Located north of the city of San Fernando, the Brian Lara Cricket Academy is the first state-of-the-art cricket training facility to be constructed by the government of Trinidad and Tobago. The Academy includes a 15,000-seat stadium, club seating, lounges and executive boxes as well as exhibition space.
The tender for the venue’s audio systems was released in May 2016 and the directors of Streamline Systems, which had worked on four other stadia in the Caribbean, were quick to respond. With a window of just one month to audit the stadium and design a modern system to meet the Academy’s needs, the team went straight to work.
Streamline Systems’ directors Michael Pereira and Clifford Beckles met with the client to ascertain the requirements and to make their own recommendations based on their industry experience. Streamline Systems was assisted by Community’s Technical Applications Group (TAG), which supported the short timescale by reviewing EASE plots, direct sound pressure level mappings and auralization files as needed.
After several meetings and presentations with the client, Streamline was awarded the contract with a strict deadline of 110 days for completion and commissioning of the system. Considering the manufacture of all components, shipping, customs clearance, installation, testing and commissioning of the system, this would have been a tight deadline but, to make matters worse, the original system then had to be completely redesigned. The original proposal was for a distributed system, using the leading edge of the canopy trussing to fire back to the seating areas, but this was deemed a problem due to lack of catwalk access.
Streamline Systems, again supported by Community’s TAG team, worked fast to design a new system that would meet both the original requirements and the 110-day deadline. Still following a distributed configuration, the loudspeaker locations were all moved to positions behind the listeners where access was more practical for installation and maintenance. Care was taken to ensure that coverage was optimized for the new locations and that audio projecting across the playing field was kept within acceptable levels.
This solution required more, but smaller, cabinets than the original design and the team selected Community’s R.5 and R.35 loudspeakers for the mainstay of the system. A total of 120 R Series loudspeakers were used for the spectator and playing areas of the project, with a further 52 C Series ceiling loudspeakers for the indoor areas.

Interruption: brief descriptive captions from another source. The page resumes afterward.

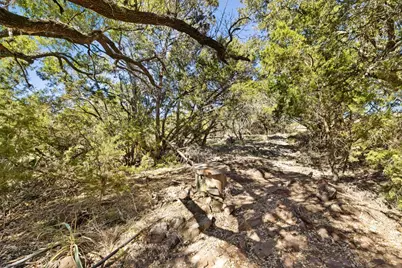 1101 Crider Road, Marble Falls, TX 78654 - Photo 32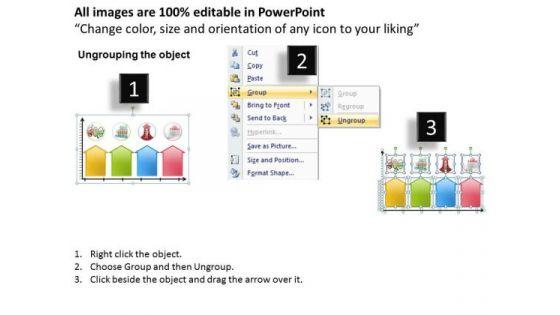 2013_to_2018_graphical_representation_of_technologies_powerpoint_templates_ppt_slides_graphics_2.jpg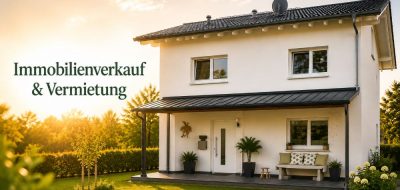 Verkauf und Vermietung_mittel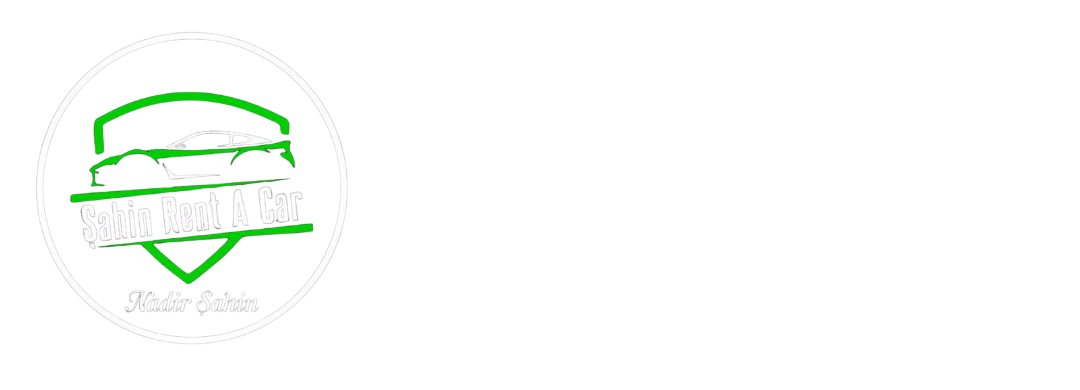 Karaman Şahin Oto Kiralama - En uygun fiyat garantisi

Community R6-51MAX loudspeakers were chosen for the long throw from the main stands over to the grass areas, which also required coverage. “The R6 packs 6 x 12in for LF, 6 x 2in for MF and 6 x 1in for HF, with a total power of 4,710W,” commented Michael Pereira. “That really gets the power across to the field with excellent pattern control to below 100Hz.” A total of 16 Community R2SUB subwoofers were used for low frequency reinforcement for the system.
Manufacture of the speakers was started immediately by Community while 45,000ft of cables was airfreighted to Trinidad so that work could begin on-site. Streamline turned to Electro-Voice for amplification and audio processing. With the stadium split into a North and South stand, two Electro-Voice NetMax N8000 units were linked for crystal-clear audio over the OMNEO/Dante network. Linking of the two units was done over fiber-optic cable and a Cisco-managed network.

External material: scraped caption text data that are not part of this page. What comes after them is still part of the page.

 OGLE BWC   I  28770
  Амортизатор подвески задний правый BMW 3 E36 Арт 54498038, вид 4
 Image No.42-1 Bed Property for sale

Basic system control uses Electro-Voice’s TPI-5 5.7in touchscreen controls which enable each stand to be turned on and off independently, with more advanced control via a full-sized touchscreen computer. This feature is facilitated by 10 Furman ASD120 sequential switchers with five per rack location, which means that each amplifier rack can be switched on via the touchscreen units without having to be on the other side of the facility. While the stadium was outfitted with a standard fire alarm system, Streamline took the audio system a step further with automated system override and voice evacuation.

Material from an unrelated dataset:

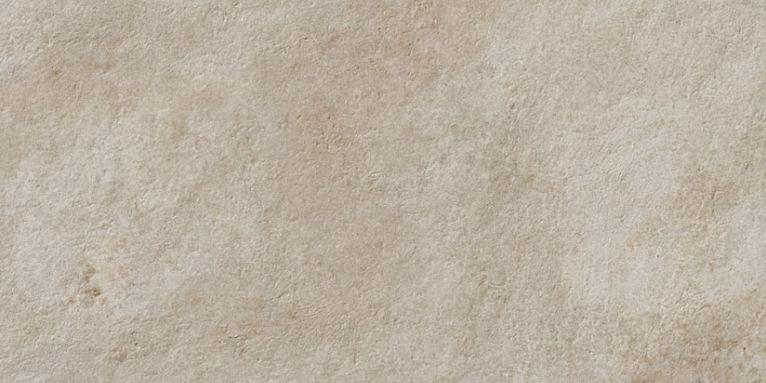 Silverlake Resia 80x80x2 cm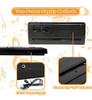 Piano Keyboard For Kids, Eooleow 37 Keys Portable 4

The full-size touchscreen computer enables the system to be zoned so that the end user can turn on and off an area at will, depending on how each area is being used. Additionally, a few spare inputs and outputs are available allowing for further scalability of the system should the need arise. Three-phase voltage monitoring was included so that the user would be able to monitor system line voltages locally to further ensure longevity of the system.
A simple analog mixing unit was used on the front end of the system. “There was method to what some may construe as madness,” explained Pereira. “This was done so that basic operation of the system would be very simple for the end user or commentator as need be. A much larger and more robust feature set is available via the touchscreen computer but not all operators would need to utilize this set on a regular basis, as such a much simpler interface was provided for day-to-day use.” Professional-grade Shure wireless microphone systems were used to provide free use of the wireless microphones throughout the playing field.
“Every detail was put in place to ensure that a fully operational system was delivered to the client and this was fully achieved, while keeping 10% below the agreed contract sum and on time,” Pereira concluded. “The Community loudspeakers provide outstanding intelligibility and uniform coverage and the system combines excellent flexibility with ease of use.”